Upon tuning an electric field, the PDLC light shutter device changes states from presenting a surface having an image formed by partially-scattering regions contrasted against clear non-scattering regions, to a surface characterized by mostly or entirely clear, non-scattering light transmittance. A corresponding PDLC light shutter device and method for forming the same are additionally disclosed.
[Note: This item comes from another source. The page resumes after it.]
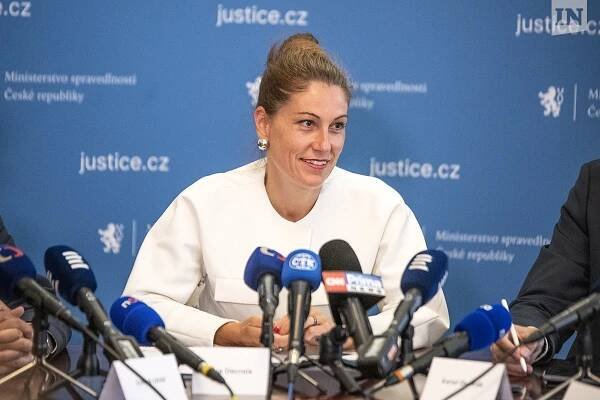 Tisková konference ministryně spravedlnosti Evy Decroix k bitcoinové kauze | PrahaIN 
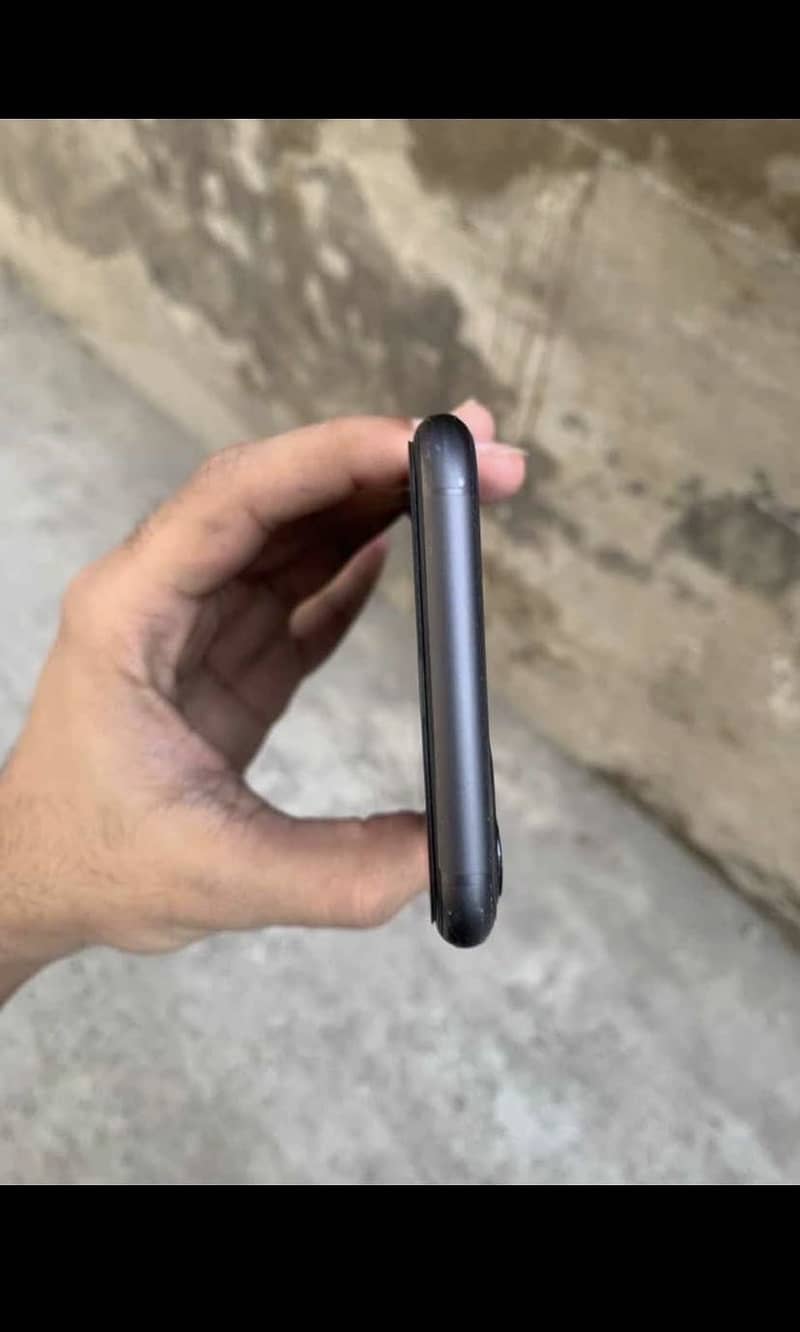 iphone 11 4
These and other aspects of the invention will be apparent from and elucidated with reference to the embodiments described hereinafter.

BRIEF DESCRIPTION OF THE DRAWINGS

For a more complete understanding of the features and advantages of the present invention, reference is now made to the detailed description of the invention along with the accompanying figures in which corresponding numerals in the different figures refer to corresponding parts and in which:

FIG. 1 is a diagrammatic view of one embodiment of a liquid crystal shutter being utilized to provide each of an opaque, high scattering state, a translucent, image state, and a clear, transparent state;

FIG. 2 is a diagrammatic view of another embodiment of a liquid crystal shutter being utilized to provide each of an opaque, high scattering state, a translucent, image state, and a clear, transparent state;

FIG. 3 is a diagrammatic view of one embodiment of the liquid crystal shutter depicted in FIG. 1 in a high scattering opaque state;

FIG. 4 is a diagrammatic view of one embodiment of the liquid crystal shutter depicted in FIG. 1 in a translucent, image state;

FIG. 5 is a diagrammatic view of one embodiment of the liquid crystal shutter depicted in FIG. 1 in a low scattering transparent state; and

FIG. 6 is a diagrammatic view of one embodiment of a methodology and process for forming polymeric dispersed liquid crystal light shutter device employing an electronically tunable lens.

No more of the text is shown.